* **Assignment**: Write out the full listing exactly as given, minus the images.

* **Dataset extract**:

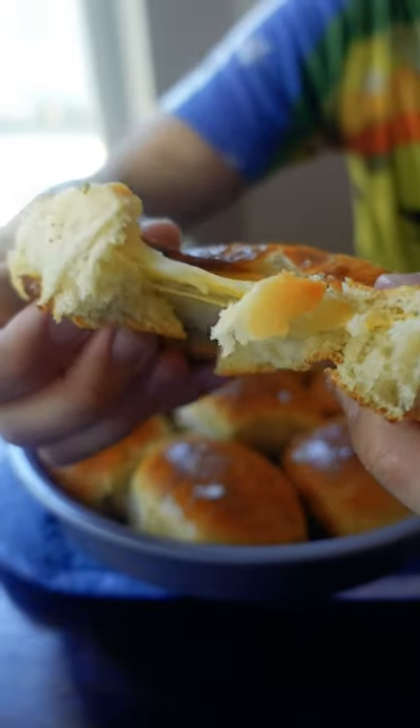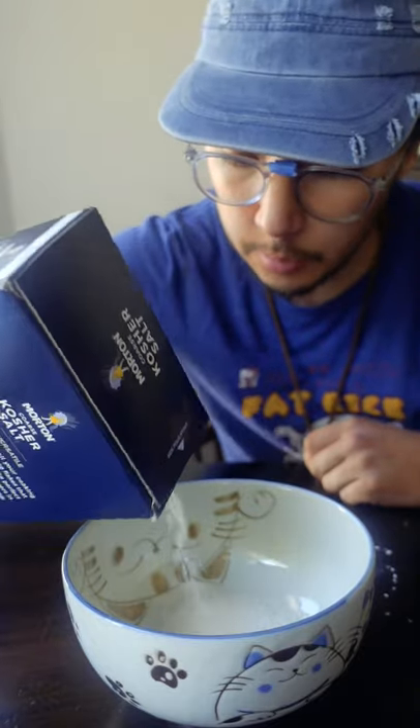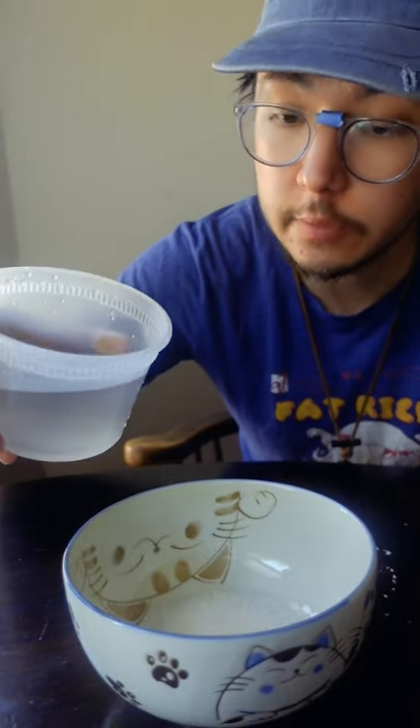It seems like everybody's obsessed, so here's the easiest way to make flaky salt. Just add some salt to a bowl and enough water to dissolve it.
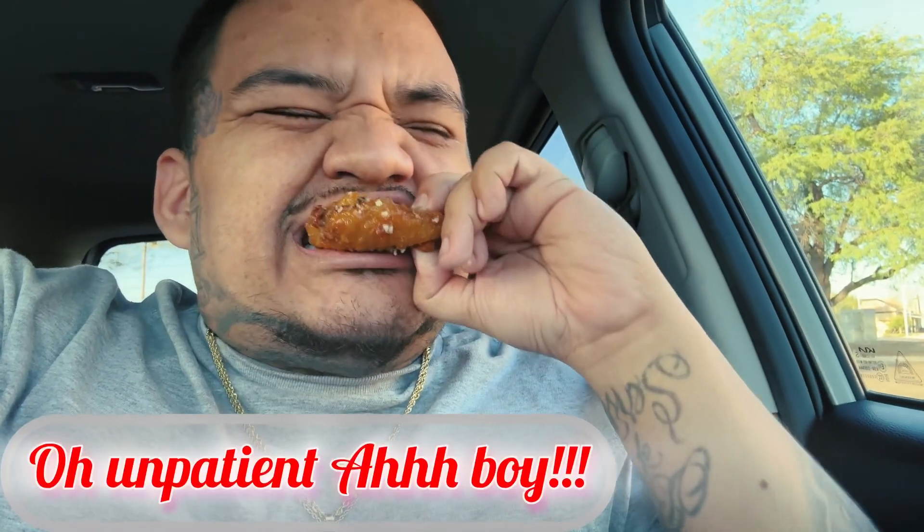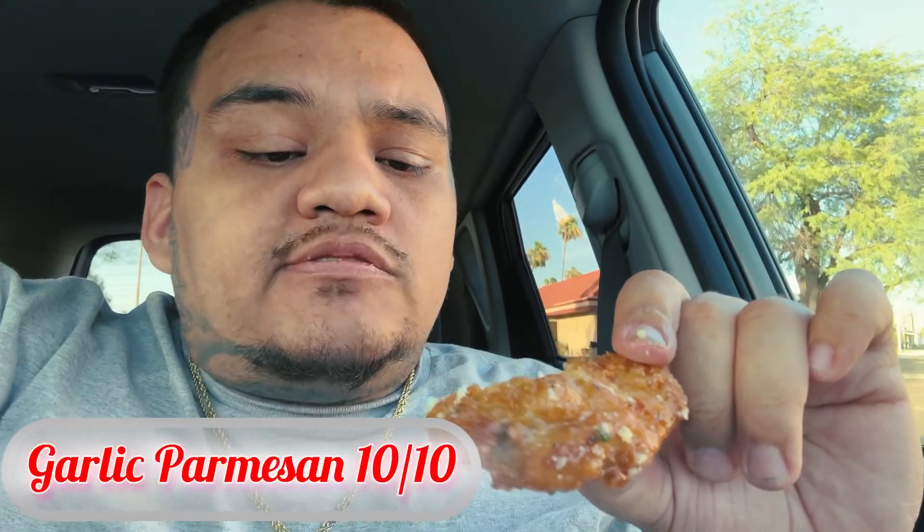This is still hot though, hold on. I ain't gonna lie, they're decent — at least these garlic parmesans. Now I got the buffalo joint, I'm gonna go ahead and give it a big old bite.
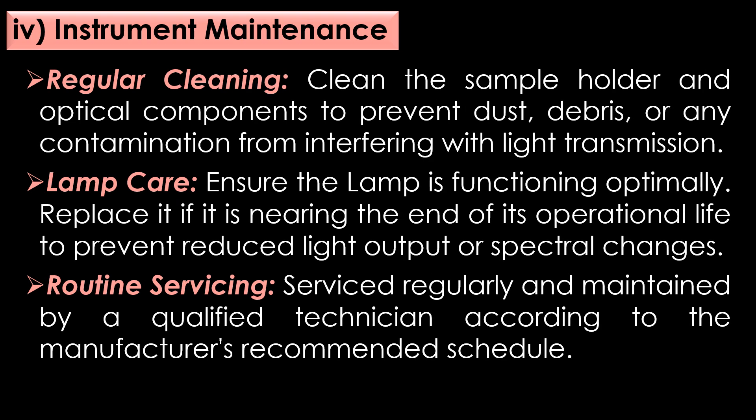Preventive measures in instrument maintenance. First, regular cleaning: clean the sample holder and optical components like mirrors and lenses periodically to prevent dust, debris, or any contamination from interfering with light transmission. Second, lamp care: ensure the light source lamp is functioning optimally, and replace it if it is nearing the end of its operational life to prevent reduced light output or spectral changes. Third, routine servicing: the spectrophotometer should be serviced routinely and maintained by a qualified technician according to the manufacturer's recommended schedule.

* **Written reply**:
It seems like everybody's obsessed, so here's the easiest way to make flaky salt. Just add some salt to a bowl and enough water to dissolve it.
This is still hot though, hold on. I ain't gonna lie, they're decent — at least these garlic parmesans. Now I got the buffalo joint, I'm gonna go ahead and give it a big old bite.
Preventive measures in instrument maintenance. First, regular cleaning: clean the sample holder and optical components like mirrors and lenses periodically to prevent dust, debris, or any contamination from interfering with light transmission. Second, lamp care: ensure the light source lamp is functioning optimally, and replace it if it is nearing the end of its operational life to prevent reduced light output or spectral changes. Third, routine servicing: the spectrophotometer should be serviced routinely and maintained by a qualified technician according to the manufacturer's recommended schedule.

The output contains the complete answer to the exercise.